THE DATA Block Start
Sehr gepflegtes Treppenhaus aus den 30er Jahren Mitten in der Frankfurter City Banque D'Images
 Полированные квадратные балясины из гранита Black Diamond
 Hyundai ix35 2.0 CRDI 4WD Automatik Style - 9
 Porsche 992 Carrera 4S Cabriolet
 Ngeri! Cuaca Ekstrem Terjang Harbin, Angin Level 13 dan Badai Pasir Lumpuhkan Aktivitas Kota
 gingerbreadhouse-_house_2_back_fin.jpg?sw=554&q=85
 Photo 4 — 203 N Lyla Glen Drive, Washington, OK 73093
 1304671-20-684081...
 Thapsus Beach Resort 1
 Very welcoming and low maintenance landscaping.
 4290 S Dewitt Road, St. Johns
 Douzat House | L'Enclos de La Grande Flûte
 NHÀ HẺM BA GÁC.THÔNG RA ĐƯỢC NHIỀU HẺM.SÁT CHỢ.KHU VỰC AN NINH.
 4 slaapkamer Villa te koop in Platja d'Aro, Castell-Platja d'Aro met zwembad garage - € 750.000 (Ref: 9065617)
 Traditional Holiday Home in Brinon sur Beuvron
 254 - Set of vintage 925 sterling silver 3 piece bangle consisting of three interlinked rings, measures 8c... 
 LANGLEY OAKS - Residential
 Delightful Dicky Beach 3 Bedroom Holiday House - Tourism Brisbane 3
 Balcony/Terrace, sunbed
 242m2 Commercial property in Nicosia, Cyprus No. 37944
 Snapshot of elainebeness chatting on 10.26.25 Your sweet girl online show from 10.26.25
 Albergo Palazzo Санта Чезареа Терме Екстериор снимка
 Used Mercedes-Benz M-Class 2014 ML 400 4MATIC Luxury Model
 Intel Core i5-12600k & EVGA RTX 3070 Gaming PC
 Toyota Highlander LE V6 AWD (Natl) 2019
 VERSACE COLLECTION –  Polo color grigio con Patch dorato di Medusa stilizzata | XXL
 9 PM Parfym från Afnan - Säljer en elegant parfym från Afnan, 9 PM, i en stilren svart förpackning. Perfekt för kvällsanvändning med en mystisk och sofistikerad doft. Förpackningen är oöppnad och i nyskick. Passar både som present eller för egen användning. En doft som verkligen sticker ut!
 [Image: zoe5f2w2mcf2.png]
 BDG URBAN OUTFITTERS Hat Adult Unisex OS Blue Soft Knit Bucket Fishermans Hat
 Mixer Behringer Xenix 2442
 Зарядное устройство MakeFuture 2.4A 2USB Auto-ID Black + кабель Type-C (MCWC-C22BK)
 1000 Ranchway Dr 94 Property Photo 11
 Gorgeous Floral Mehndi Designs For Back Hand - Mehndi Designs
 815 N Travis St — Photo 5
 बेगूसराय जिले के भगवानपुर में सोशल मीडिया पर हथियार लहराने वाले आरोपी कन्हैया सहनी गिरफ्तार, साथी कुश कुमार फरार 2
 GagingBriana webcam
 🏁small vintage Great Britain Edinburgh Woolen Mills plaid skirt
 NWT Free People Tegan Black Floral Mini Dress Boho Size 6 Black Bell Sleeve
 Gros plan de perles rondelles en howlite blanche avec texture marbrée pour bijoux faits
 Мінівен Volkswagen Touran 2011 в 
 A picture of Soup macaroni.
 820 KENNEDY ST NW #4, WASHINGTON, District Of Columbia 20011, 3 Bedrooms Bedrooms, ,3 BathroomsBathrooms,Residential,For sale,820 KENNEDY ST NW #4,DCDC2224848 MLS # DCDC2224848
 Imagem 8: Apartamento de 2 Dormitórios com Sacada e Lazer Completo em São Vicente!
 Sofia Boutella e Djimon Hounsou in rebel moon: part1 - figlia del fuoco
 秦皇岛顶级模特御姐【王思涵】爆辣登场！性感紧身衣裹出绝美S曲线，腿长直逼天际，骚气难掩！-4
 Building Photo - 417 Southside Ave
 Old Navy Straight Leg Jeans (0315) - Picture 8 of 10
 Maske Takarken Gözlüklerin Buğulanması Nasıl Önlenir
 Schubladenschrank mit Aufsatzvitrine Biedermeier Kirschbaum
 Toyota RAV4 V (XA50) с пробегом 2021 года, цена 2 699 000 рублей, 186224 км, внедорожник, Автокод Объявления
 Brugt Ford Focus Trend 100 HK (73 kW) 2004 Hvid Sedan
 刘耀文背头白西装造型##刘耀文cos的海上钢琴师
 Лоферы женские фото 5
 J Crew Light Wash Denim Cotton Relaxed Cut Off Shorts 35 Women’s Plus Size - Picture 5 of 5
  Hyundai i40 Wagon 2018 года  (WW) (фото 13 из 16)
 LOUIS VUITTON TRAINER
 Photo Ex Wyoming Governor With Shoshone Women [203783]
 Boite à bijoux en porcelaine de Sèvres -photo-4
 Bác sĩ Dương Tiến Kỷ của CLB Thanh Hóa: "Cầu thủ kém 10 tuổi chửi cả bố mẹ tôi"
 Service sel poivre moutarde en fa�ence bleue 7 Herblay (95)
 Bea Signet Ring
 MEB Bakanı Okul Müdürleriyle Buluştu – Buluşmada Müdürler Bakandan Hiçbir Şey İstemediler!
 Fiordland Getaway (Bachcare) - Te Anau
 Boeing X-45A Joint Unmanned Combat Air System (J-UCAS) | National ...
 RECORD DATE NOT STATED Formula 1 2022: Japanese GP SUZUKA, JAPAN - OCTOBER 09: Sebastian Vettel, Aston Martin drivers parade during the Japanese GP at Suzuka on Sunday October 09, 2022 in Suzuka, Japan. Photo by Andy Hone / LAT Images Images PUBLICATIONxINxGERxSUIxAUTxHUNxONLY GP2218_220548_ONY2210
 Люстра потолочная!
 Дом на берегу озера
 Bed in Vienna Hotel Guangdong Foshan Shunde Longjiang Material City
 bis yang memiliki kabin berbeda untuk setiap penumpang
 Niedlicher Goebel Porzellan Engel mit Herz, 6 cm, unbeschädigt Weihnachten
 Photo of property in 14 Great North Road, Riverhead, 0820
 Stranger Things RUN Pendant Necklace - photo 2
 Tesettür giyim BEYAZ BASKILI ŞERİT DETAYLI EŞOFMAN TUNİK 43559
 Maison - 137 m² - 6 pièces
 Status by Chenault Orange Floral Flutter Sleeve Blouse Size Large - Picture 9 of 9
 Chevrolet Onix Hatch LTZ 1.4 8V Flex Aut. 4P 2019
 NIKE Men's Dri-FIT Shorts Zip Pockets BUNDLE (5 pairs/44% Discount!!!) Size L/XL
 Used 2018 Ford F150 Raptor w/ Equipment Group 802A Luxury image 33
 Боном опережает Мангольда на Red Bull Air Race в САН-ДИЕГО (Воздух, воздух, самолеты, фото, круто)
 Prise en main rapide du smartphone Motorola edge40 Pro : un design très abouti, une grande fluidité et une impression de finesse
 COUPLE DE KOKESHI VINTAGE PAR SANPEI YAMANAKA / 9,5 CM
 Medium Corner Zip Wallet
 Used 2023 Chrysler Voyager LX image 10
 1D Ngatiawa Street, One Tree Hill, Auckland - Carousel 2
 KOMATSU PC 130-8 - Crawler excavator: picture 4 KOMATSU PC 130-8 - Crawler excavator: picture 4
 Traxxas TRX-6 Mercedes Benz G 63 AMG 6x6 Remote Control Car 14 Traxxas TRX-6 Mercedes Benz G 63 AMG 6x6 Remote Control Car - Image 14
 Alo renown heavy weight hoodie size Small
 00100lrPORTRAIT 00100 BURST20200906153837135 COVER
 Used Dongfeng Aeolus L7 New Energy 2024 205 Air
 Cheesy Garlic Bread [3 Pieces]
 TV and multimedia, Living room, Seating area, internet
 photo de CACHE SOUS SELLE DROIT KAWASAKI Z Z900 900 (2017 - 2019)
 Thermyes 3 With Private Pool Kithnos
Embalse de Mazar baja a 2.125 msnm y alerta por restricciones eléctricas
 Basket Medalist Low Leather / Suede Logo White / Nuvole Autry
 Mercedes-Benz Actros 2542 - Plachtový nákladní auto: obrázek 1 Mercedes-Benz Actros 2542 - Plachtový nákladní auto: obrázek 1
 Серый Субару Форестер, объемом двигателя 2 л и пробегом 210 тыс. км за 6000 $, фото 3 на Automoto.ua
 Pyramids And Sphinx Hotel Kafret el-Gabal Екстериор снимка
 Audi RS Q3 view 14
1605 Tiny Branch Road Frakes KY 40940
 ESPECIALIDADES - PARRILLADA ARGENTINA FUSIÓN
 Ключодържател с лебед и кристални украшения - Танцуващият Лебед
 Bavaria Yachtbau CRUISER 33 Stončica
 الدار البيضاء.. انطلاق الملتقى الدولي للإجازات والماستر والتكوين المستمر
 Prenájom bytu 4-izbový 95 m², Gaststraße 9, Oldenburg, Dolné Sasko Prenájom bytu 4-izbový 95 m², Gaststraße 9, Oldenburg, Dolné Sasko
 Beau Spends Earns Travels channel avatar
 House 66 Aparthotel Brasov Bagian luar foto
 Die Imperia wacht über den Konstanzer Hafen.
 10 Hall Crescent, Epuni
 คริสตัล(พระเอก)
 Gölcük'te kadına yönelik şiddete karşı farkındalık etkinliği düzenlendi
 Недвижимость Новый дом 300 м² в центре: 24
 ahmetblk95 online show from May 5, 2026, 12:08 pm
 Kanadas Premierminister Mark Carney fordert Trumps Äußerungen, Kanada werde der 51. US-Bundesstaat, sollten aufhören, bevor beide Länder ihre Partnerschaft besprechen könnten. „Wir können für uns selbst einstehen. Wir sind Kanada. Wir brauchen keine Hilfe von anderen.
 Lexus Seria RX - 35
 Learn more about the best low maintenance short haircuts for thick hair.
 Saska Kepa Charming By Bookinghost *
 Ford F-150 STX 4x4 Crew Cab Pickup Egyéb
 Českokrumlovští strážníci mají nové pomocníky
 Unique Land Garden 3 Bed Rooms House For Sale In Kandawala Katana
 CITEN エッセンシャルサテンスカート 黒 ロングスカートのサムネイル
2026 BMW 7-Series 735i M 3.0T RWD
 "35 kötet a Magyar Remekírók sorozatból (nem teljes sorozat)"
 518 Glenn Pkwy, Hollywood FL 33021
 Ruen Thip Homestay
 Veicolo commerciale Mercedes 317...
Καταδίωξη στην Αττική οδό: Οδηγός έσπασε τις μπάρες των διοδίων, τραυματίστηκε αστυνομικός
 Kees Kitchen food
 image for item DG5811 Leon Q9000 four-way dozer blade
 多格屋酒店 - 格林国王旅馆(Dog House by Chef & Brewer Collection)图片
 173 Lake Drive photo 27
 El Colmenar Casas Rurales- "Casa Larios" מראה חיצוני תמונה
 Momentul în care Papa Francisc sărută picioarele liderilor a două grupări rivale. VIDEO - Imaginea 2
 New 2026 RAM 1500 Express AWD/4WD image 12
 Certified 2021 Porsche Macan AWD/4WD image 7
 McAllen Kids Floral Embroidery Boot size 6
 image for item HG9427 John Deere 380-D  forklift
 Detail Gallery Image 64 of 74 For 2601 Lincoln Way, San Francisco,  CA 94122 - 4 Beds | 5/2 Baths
THE DATA Block End
### [WHAT YOU SHOULD DO]
Which lines run from the one holding "Dolné Sasko Prenájom" through the one holding "ahmetblk95 online show" in the records above? Repeat them exactly, both included, and nothing more.

### [ANSWER BOX]
 Prenájom bytu 4-izbový 95 m², Gaststraße 9, Oldenburg, Dolné Sasko Prenájom bytu 4-izbový 95 m², Gaststraße 9, Oldenburg, Dolné Sasko
 Beau Spends Earns Travels channel avatar
 House 66 Aparthotel Brasov Bagian luar foto
 Die Imperia wacht über den Konstanzer Hafen.
 10 Hall Crescent, Epuni
 คริสตัล(พระเอก)
 Gölcük'te kadına yönelik şiddete karşı farkındalık etkinliği düzenlendi
 Недвижимость Новый дом 300 м² в центре: 24
 ahmetblk95 online show from May 5, 2026, 12:08 pm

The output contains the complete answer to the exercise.